After seeing Dave’s wonderful wet skin image on the Daz Gallery, I was inspired to try creating a wet skin render in Daz Studio Iray.
Creating wet skin involves three key steps-
1. Making the composition fit. If our figure is to have wet skin, then we want our composition to support that.
2. Making the skin properly shiny. Wet skin is more shiny and reflective than dry skin because there is water on the skin’s surface.
3. Adding water drops on top of the skin. In addition to being more shiny, there will also be some drops of water clinging to the skin, and trailing down the skin.

1. Making the composition fit
First, I create my scene in Daz Studio. Since I want to focus on the skin, I want my figure to be fairly large, and to have a good amount of skin visible. In addition, she should be doing something that will result in wet skin. In this image, I decided to create a dynamic scene, featuring Victoria 7 exercising with weights. Hair is NJA Ponytail Hair, which is one of my favorites. Outfit is Heat Up for G3F and G2F.
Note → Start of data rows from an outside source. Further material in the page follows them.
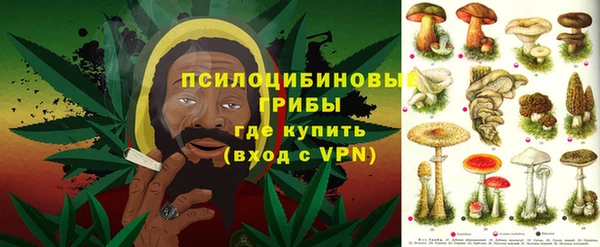 гидра Арсеньев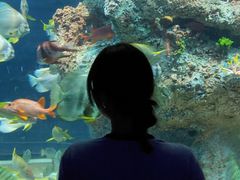 -芜湖新华联大白鲸海洋公园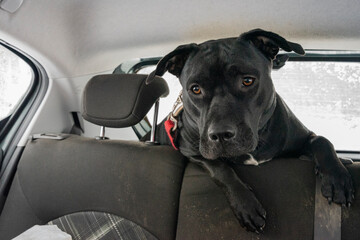 Pies w podróży samochodem, na tylnych siedzeniach. - obrazy, fototapety, plakaty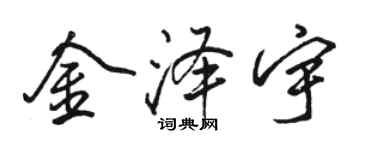 骆恒光金泽宇行书个性签名怎么写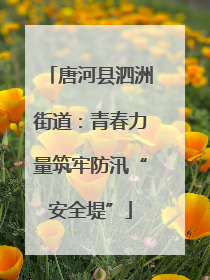 唐河县泗洲街道：青春力量筑牢防汛“安全堤”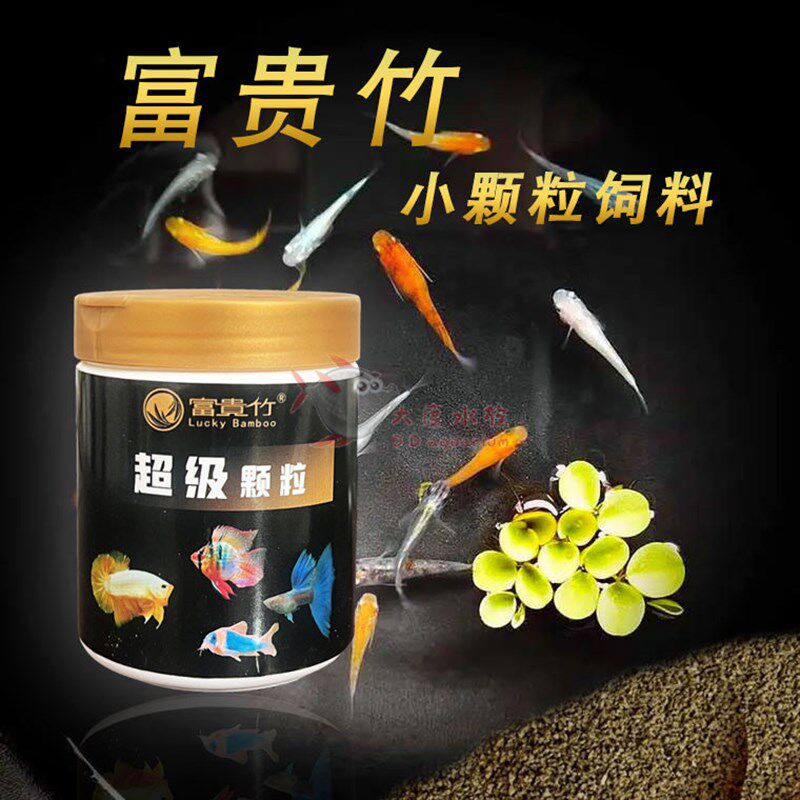 富贵竹热带小型鱼饲料颗粒灯科鱼 孔雀 红剑 鱼苗 红绿灯鱼料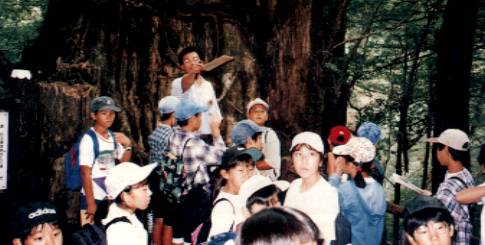 Children learning the history of the Yaku cedar trees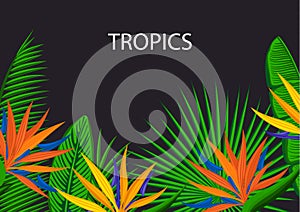 Tropical background with palm leaves and strelitzia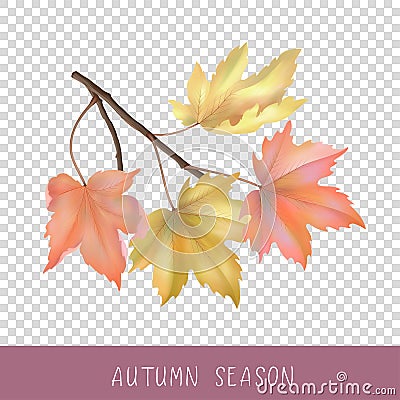 Autumn Maple Branch Vector Illustration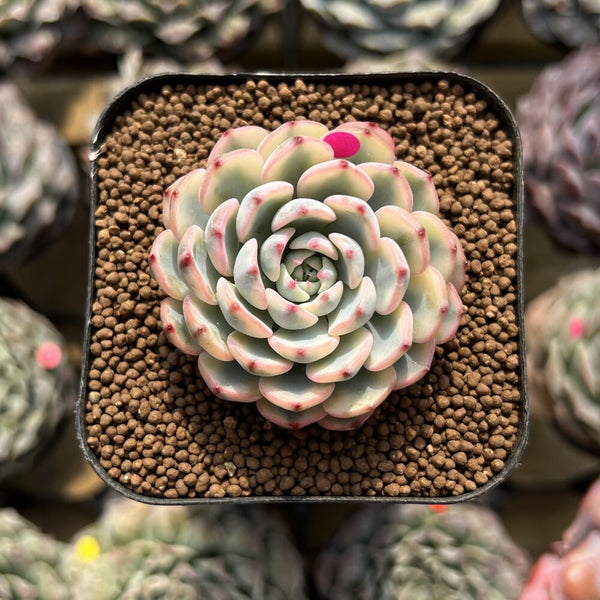Echeveria 'Minima' Variegated 1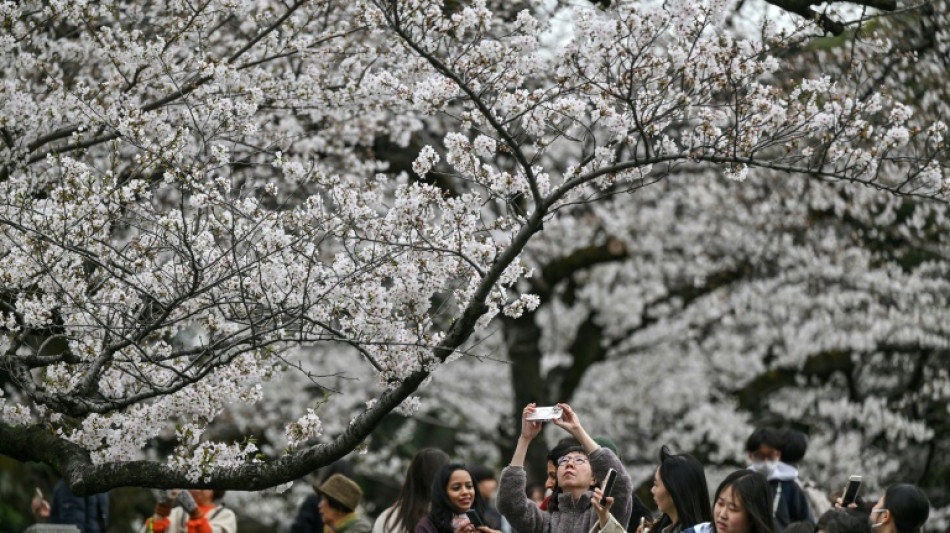 Au Japon, un outil d'IA pour pr&eacute;server les cerisiers en fleurs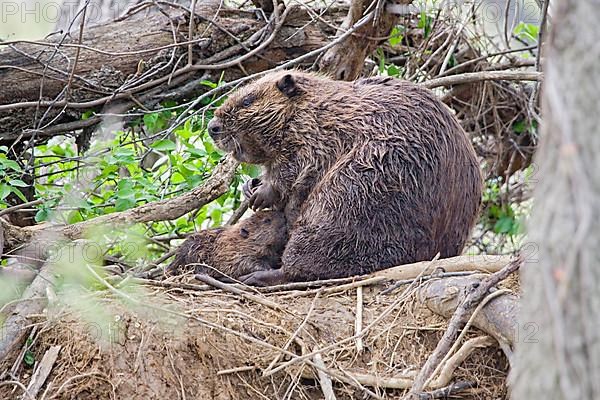 American Beaver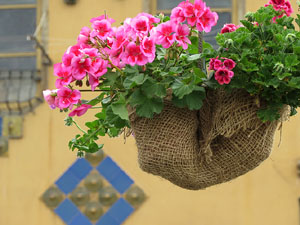 Temps de Flors 2016. Els ponts de l'Onyar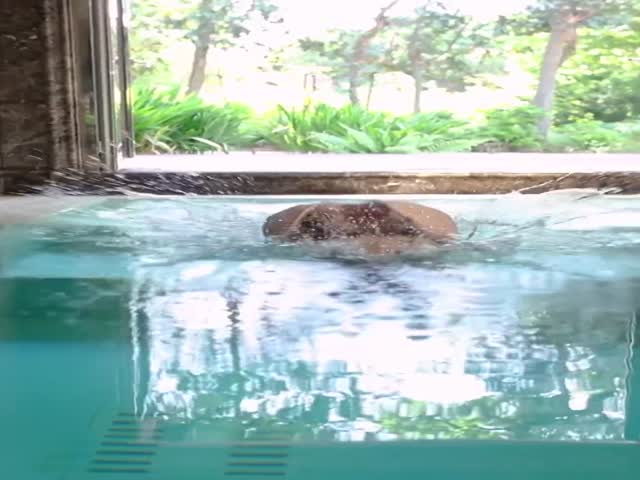 56 Year Old Salma Hayek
Below is the first pass of my composition with regular Victoria 7 skin. Lighting is just with an IBL. At this point, the skin does not look very wet.

2. Making the skin properly shiny
Next, I want to change certain settings on my Victoria 7 skin to make it more shiny. To do this, I select my Victoria 7 figure, and go into Surfaces > Editor. I select my V7 skins and make the following parameter changes –
- Glossy Layered Weight set to 1.0.
- Glossy Reflectivity set to 0.9.
- Glossy Roughness set to 0.4. This can be set lower if we want to increase the wet effect on skin. Setting it too low though, will make the skin look unrealistically shiny. Therefore, tweak it according to personal taste.
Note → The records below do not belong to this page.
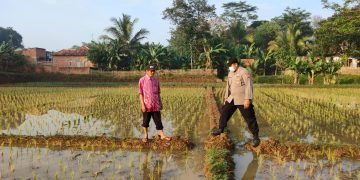 Sambang Petani, Bentuk Dukungan Polsek Plered Untuk Ketahanan Pangan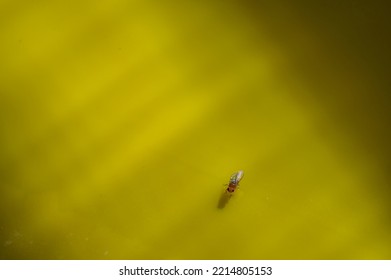 Macro Of A Single Fruit Fly Caught On A Sticky Paper Trap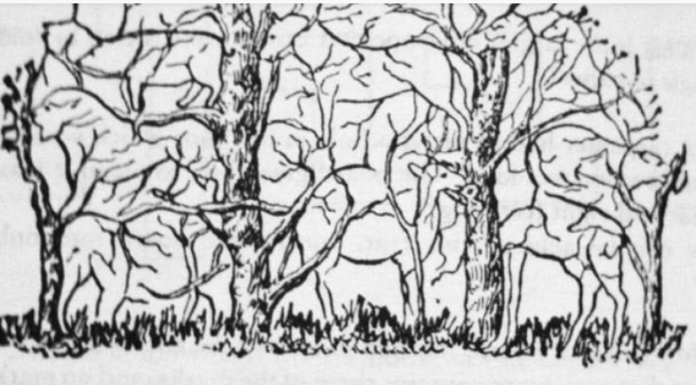 Prva životinja koju vidite na ilustraciji otkriće vam apsolutno sve o vašoj ličnosti i to bez greške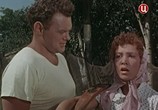 Сцена из фильма Море зовет (1956) Море зовет сцена 2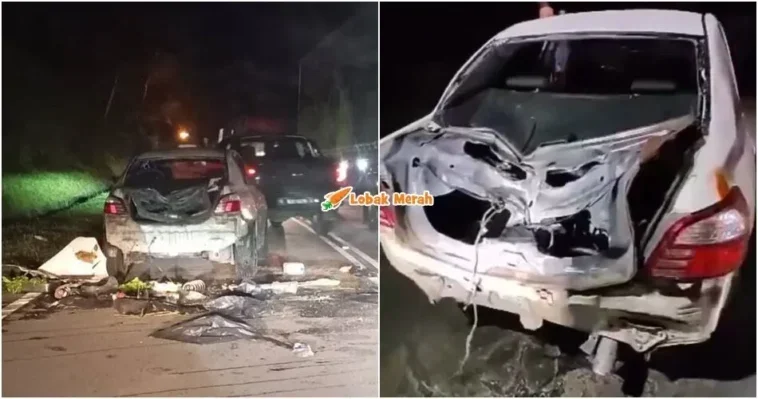 gajah mengamuk di gerik hentak kereta mangsa selamatkan diri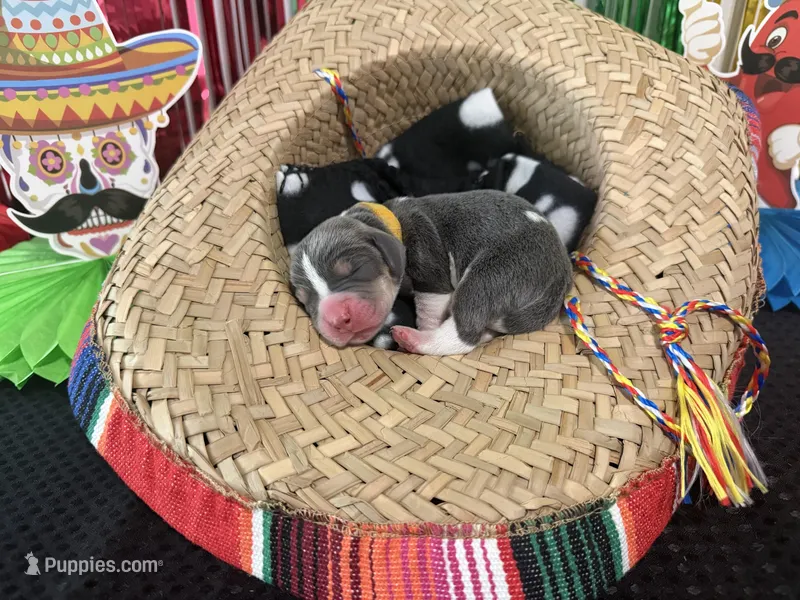 Juan Carlos- yellow – Basset Hound puppy for sale in Park City, KS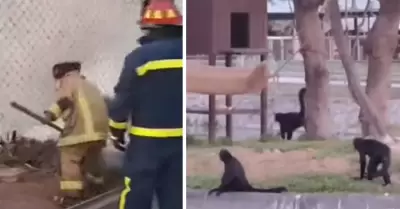 Incendio forestal en el Parque de las Leyendas.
- Top Coat Layering Mode set to Fresnel. Top Coat IOR set to 1.49 and Top Coat Thin Film IOR set to 1.4. Again, Top Coat Roughness can be adjusted according to taste. A lower Roughness value will increase shininess and a higher Roughness value will decrease shininess.
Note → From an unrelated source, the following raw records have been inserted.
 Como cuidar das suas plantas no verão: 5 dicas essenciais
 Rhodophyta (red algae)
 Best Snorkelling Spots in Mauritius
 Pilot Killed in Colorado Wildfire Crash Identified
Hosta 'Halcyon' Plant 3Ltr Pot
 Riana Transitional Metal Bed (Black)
3. Adding water drops on top of the skin
There are multiple ways to achieve this final step. I use a simple technique here, which utilizes the Daz Studio geometry shell.
- First, I select my Victoria 7 figure.
- Next, I go into Create > New Geometry Shell. This creates a shell over our Victoria 7 figure.
- I then select the Geometry Shell and apply the Iray Water shader to it.
- I go to Parameters > Mesh Offset and set the Offset Distance to 0.001.

In the image above, she looks like she has cellophane wrapped all around her. This looks strange because water on our body does not form an even continuous shell. Instead, we only want certain small parts of the shell to be visible, simulating water droplets.
To do this, I do a search on “water condensation bump”. I download an appropriate black and white water condensation image, and apply that to the Cutout Opacity parameter of my geometry shell. I can then adjust the Horizontal and Vertical Tiles parameter to control how much water there is. I decided to go for the more subtle effect here with water drops that are not overly prominent.
Finally, I also add some mesh lights to further accentuate the shininess of my wet skin and shell.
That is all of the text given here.